The incident follows acts of vandalism targeting Catholic churches throughout the city, including the destruction of a $5,000 statue of St. Jude at Out Lady of Mount Carmel in Williamsburg on Nov. 3, and the more recent vandalism of Sacred Heart of Jesus in Bayside, Queens on Jan. 12, when someone scrawled gang signs on the church and school there. 

The juicing further comes on the heels of a string of anti-Semitic attacks against Orthodox Jews throughout the borough, which have led city and state law enforcement agencies to increase patrols in Williamsburg, Crown Heights, and Borough Park.

“I think right now, people are scared, given the current environment of anti-Semitic and anti-Catholic incidents. People are afraid to go to their house of worship,” said the chancellor of the Diocese of Brooklyn, Monsignor Anthony Hernandez.
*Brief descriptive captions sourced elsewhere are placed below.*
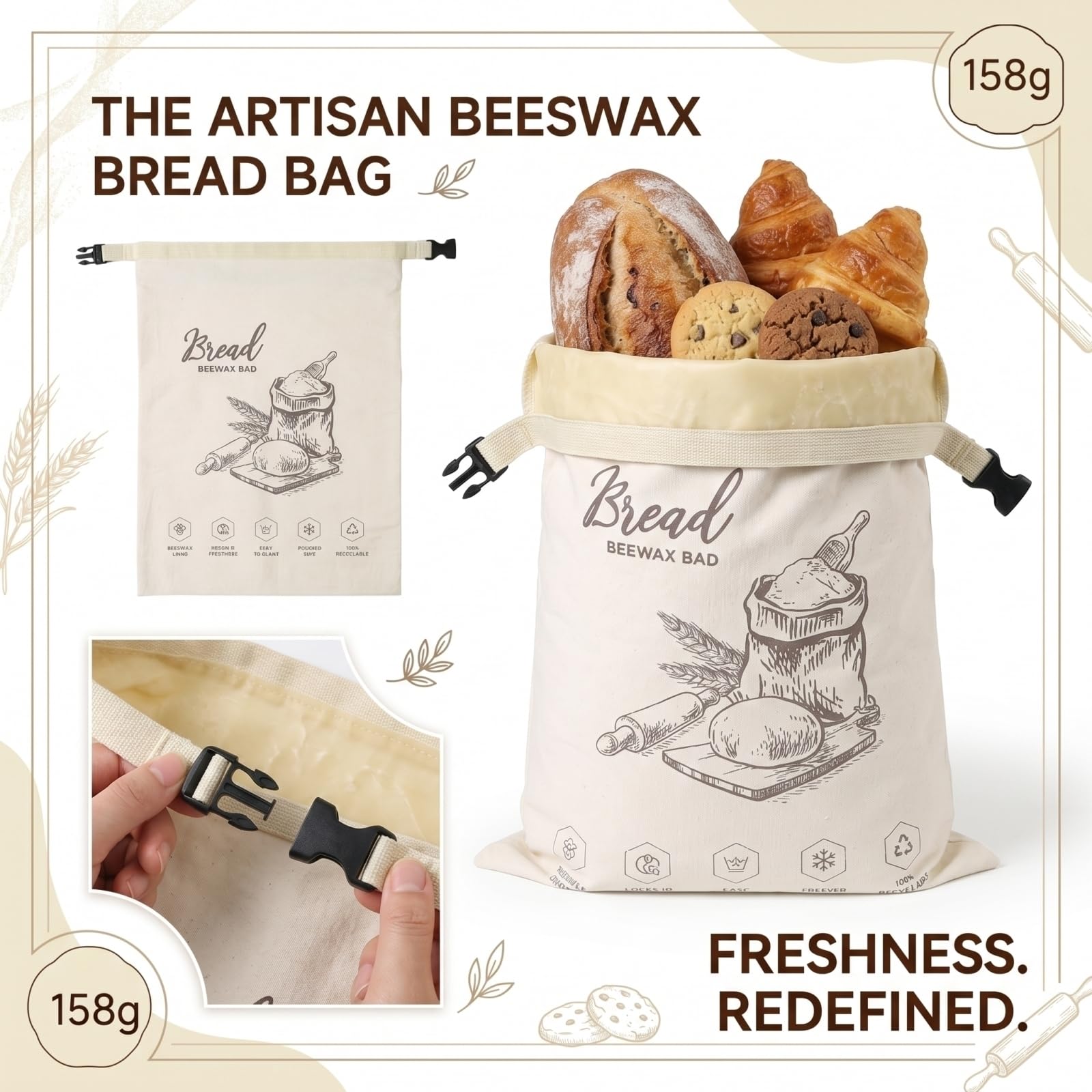 Wiederverwendbare Sauerteig-Brottasche XL, Baumwollbrot-Aufbewahrungstasche mit lebensmittelechtem TPU-Futter, hält hausgemachtes Brot länger frisch, gefriergeeignet, umweltfreundlich
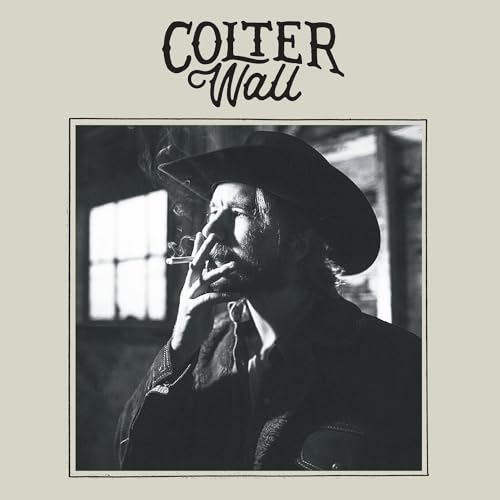 Black and white album cover featuring Colter Wall with a cigarette.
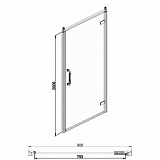 Распашная дверь Azario CALGARY 900х2000 профиль золото, стекло прозрачное 8 мм. с покрытием Easy clean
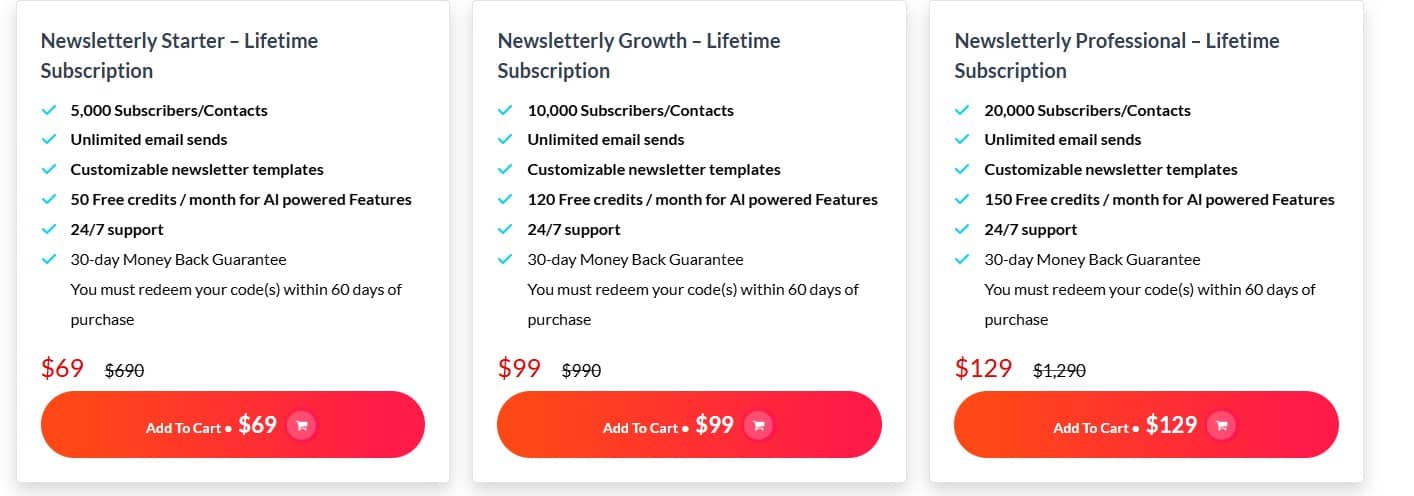 Newsletterly dealify price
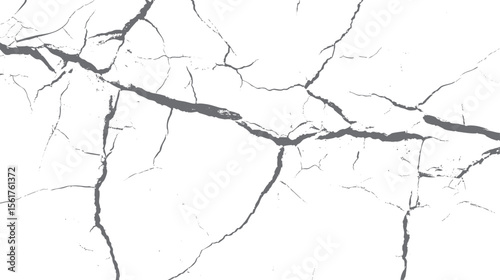 Vector cracked wall texture with diagonal fracture. Grunge concrete damage background element for distressed surface and broken pattern design.
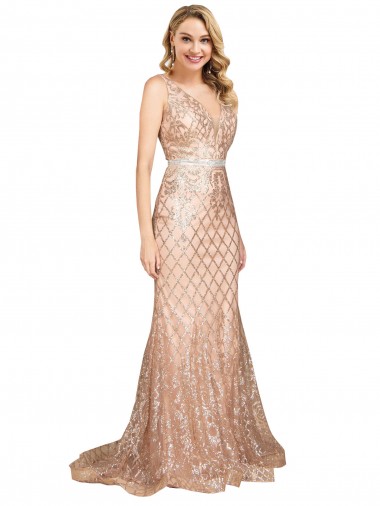 Inexpensive Sleek Long Mermaid Sparkling Sequin Prom Dress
Father Vattothu said he will pray for his attacker, and asked parishioners to gather nearer to the altar in a bid to ward off future juice attacks.

“I pray for this person and do not know what was going through his mind. I am grateful for the parishioners who were so caring and consoled me after mass,” Father Vattothu said. “I would urge Catholics who attend mass to sit closer to the altar so that we as a faith community can be more together and make the priest feel more comfortable.”